We also see the same figure in a proto-Elamite vase, found in Ur dating from 2600-2300 BC:


We see it again in this example, a carved chlorite vase this time depicting the horned god wrestling two serpent goddesses, from a vase of the suggested “Jiroft culture” of the bronze age, from south-East Iran,


One of several barbarian tribes that brought about the collapse of the Akkadian empire were the Guti, who spread out from the Zagros mountains. The Guti spoke an unclassified language (there are theories suggesting it was linked to the Indo-European Tocharian languages), and, along with Kassites, Elamites and later Scythians contributed to the population later known as the Lurs. Guti cylinder seals were found at Susa, which commonly depicted a figure with one or more pairs of horns (which we could compare to a crown of antlers as was custom in prehistory, or to Pan or Cernunnos) with the figure grasping a two-headed horned animal (which we could compare to Cerberus, the Chimera or the common motif of two goats, bulls, lions etc. in art of this region) while confronting another horned animal. This is also likely linked to the image of Mithras sacrificing the bull and the ancient ancestral bull cult that it is rooted in. These Guti seals are possibly influenced by Mesopotamian motifs, but this motif of the horned demon and “master of animals” was known to the Guti and preserved in this region. This use of cylinders marks the extent of the Mesopotamian and Elamite influence in Iran, and is essentially absent in finds in the north-east.

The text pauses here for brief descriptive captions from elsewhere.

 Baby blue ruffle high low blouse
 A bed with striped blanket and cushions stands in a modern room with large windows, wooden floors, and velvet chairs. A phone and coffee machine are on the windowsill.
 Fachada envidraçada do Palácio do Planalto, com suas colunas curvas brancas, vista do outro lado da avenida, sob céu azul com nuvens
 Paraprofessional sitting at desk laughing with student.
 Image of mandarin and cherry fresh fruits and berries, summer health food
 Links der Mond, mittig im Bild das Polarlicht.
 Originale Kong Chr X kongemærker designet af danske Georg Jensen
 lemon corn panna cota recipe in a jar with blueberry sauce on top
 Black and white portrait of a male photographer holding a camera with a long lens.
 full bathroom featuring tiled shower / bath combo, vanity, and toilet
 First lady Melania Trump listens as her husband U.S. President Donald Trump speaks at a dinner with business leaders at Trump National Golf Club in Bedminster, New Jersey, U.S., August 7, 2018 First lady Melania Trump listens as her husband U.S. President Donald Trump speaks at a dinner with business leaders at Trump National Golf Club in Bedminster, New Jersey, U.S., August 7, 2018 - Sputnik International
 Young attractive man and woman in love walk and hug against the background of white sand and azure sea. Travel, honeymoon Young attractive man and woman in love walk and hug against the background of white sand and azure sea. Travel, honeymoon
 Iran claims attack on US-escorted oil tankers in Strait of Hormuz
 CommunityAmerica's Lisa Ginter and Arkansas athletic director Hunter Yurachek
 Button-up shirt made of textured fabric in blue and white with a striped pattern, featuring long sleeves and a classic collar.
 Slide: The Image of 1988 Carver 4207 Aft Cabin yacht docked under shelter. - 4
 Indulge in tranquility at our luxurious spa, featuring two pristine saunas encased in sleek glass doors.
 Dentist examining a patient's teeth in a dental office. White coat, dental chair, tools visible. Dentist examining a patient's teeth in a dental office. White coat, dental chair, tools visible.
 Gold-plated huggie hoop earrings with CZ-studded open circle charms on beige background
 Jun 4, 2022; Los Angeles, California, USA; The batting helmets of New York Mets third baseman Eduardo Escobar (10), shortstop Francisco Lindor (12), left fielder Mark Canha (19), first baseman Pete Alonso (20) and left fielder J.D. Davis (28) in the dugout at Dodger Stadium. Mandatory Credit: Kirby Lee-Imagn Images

Depiction of ibexes is common. In Dardistan, north-west India, where traditions managed to escape the destruction of pagan traditions by Islamic conquests in less isolated neighbouring areas, the people of these remote valleys most of whom are of Indo-Iranian descent have an interesting tradition surrounding the goddess Murkum. Worshipped by all the women in the Haramosh valley, she helped deliver newbowns and protected the mother and child. She was the chief owner of ibexes and wild goats collectively called “mayaro”, and was also venerated by hunters. Here we again see the parallel association with the pregnancy/reincarnation process and the wild hunt, as with many animal totem/demon traditions, and might parallel this veneration of the goat with that in Hellenic and Norse tradition, for example, as well as with more anthropomorphised horned deities. For example, this striding “Pan”-like figure of either Proto-Elamite or Mesopotamian origin, 3000-2800 BC:

Striding Figure (AIC)

The origin of the Elamites and their language is ambiguous. Their language appears to be a language isolate, unrelated to Semitic, Indo-European and even Sumerian. We can, however, find many striking parallels in their artwork and what we can observe about their religion. The Old Elamite cylinders conform to Old Babylonian ones in the way they depict scenes of worship, but some aspects of these scenes originate in Susa. One such example is the depiction of a tree at each end of a scene, showing us the universal world tree and placenta image. The same applies to the depiction of a table before the deity bearing a bird, as in Babylonian seals the world tree symbol and food offerings were absent. We see these characteristics here in this Old Emalite cylinder seal from Susa, 10th-17th century BC:


These distinct Elamite practices were depicted several centuries later in Assyria. In the Middle Elamite cylinder pictured below, found in Luristan dating from the fifteenth century BC, we see a horned deity seated on a throne, with an animal’s head emerging from the throne. Other finds in this group actually depicted the deity sitting on an animal. This is characteristic of the Iranian custom of decorating inanimate objects with animal heads, which along with the familiar image of the horned deity once again is indicative of their deeply animist belief system. We can also note the follower carrying a sacrificial goat, and the image of the lion chasing a horned animal, a ancient motif seen in Mesopotamian and Iran art until the latest periods.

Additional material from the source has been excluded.